You may be asking how he juggled all of this love of construction with piano lessons, soccer, and French club. Well, he didn't. After school, Tyler did this thing we've forgotten about here in America called playing. He actually used his imagination without any direction from me, or anyone else. Somewhere in our quest for raising the perfect child, we forgot that kids actually learn from playing. We have scheduled our kids to tightly that they practically need their own assistant to get them ready and keep them organized. Oops, that job falls to us parents, doesn't it?
How did I come upon this highly irregular form of parenting? I wish I could say it was because I was above wanting my kid to be the best, strongest, fastest, smartest, kindest, most amazing child ever. But that would be a lie. What I did actually do though was really listen to Tyler. Which wasn't really that hard because he was screaming- or throwing some sort of fit. He would drag his feet and get all cranky and eye rolling on me when I would tell him it was time for baseball practice. When I would try to take him to some wonderful puppet show performance at the library to broaden his cultural horizons, he would tell me it was dumb. After a while I got so tired of signing him up for activity after activity, and then having to listen to the kvetching all the way there and back- I just stopped. Why was I spending money and time to take him to events and classes that he plainly didn't want to go to - and making myself crazy in the process? Because "everyone else" was, and you know if you want your kid to get into a good college, they need to have several talents, clubs and sports. And don't forget about the 14,000 volunteer hours either. If you don't do it, your kid will end up living in a two-story Dorito bag- poor, unskilled and probably toothless.
Now I fully realize that everything I've said would distress that "Tiger Mother" Amy Chua terribly, considering that I treat my children as actual individuals with their own thoughts, likes and dislikes -rather than pack animals to be herded about to violin lessons and SAT prep classes for toddlers. Apparently I should be demanding that my child be first in his class in everything or I should just hang up my uterus and go home. My area has loads of "Tiger Mothers", and as a former teacher let me tell you something I have noticed about the kids that are raised this way. These kids cry when they get an A- on a test, because their parents will be very mad at them. If you ask them a question about what they think about a certain subject, they have a very hard time answering you because they don't know what the "right" answer is. As if there is one. Because for these kids, there is always a right answer.
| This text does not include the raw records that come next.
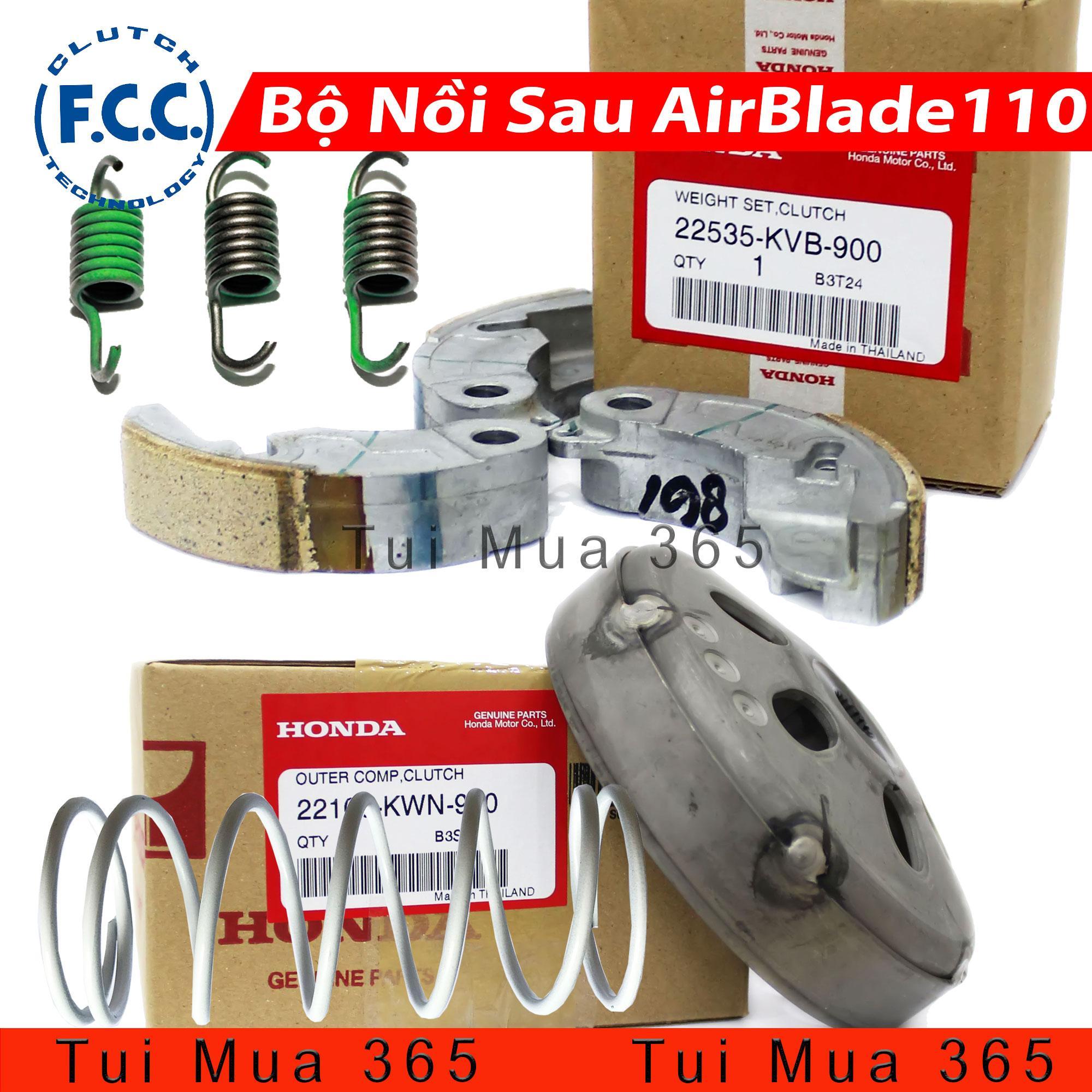 Bộ Nồi Sau Honda Thái Lan AB110, Click 110, Lead110, Janus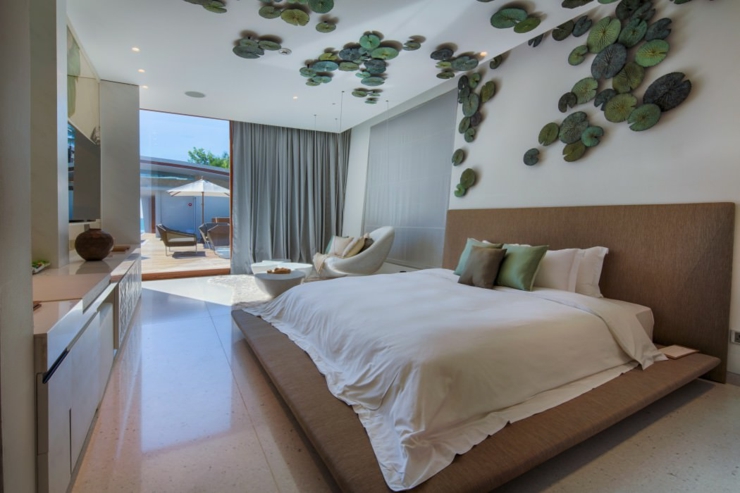 Suite « Lotus » de cette villa à louer pour des vacances exotiques suite design luxe iniala resort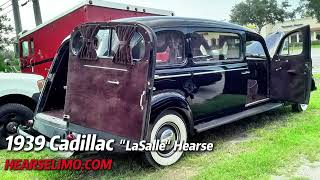 1939 Cadillac LaSalle Hearse For Sale | Classic Funeral Car | $29,900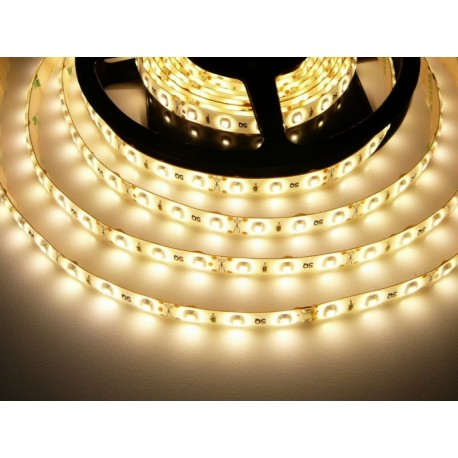 LED pásek 4.8W, 60 LED, Nezalitý IP 20 - Teplá bílá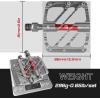 image:imageBUCKLOS MTB Flat Pedals Mountain Bike Pedals 3 Bearings CNC Adult Road Bike Pedals Bicycle Platform Aluminum Alloy NonSlip Pedal for Gravel BikeBMX 916BlackTitanium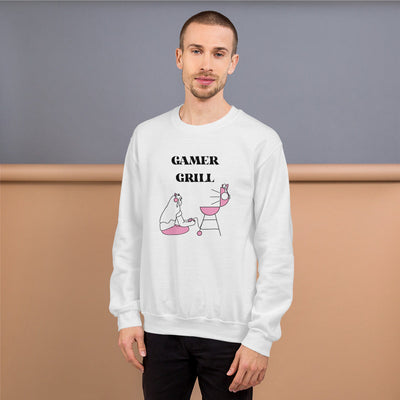 Gamer Grill | Unisex Sweatshirt | Feminist Gamer Threads and Thistles Inventory 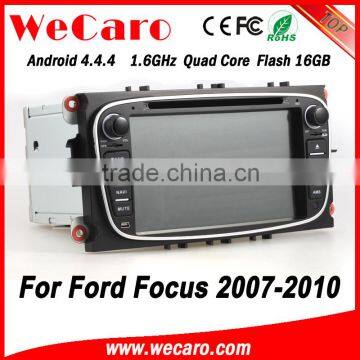 Wecaro WC-FU7608 Android 4.4.4 car dvd player HD for ford focus double din radio 2007 - 2010 TV tuner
Today Tyler is 18, and a freshman at Cal State Chico. He is studying construction management, the perfect combination of Tyler's favorite things- building stuff, and telling other people what to do. Preferably with a bull horn, because he also loves the sound of his own voice. This won't embarrass him if he reads it, he's proud of these traits. As he should be. He followed his inner voice that told him to study what he loves, which just so happens to provide lots of opportunity for a very lucrative career. Tyler comes home with a huge smile on his face every few weeks and tells me how much he loves his new life and the choices he's made. That, to me, is success.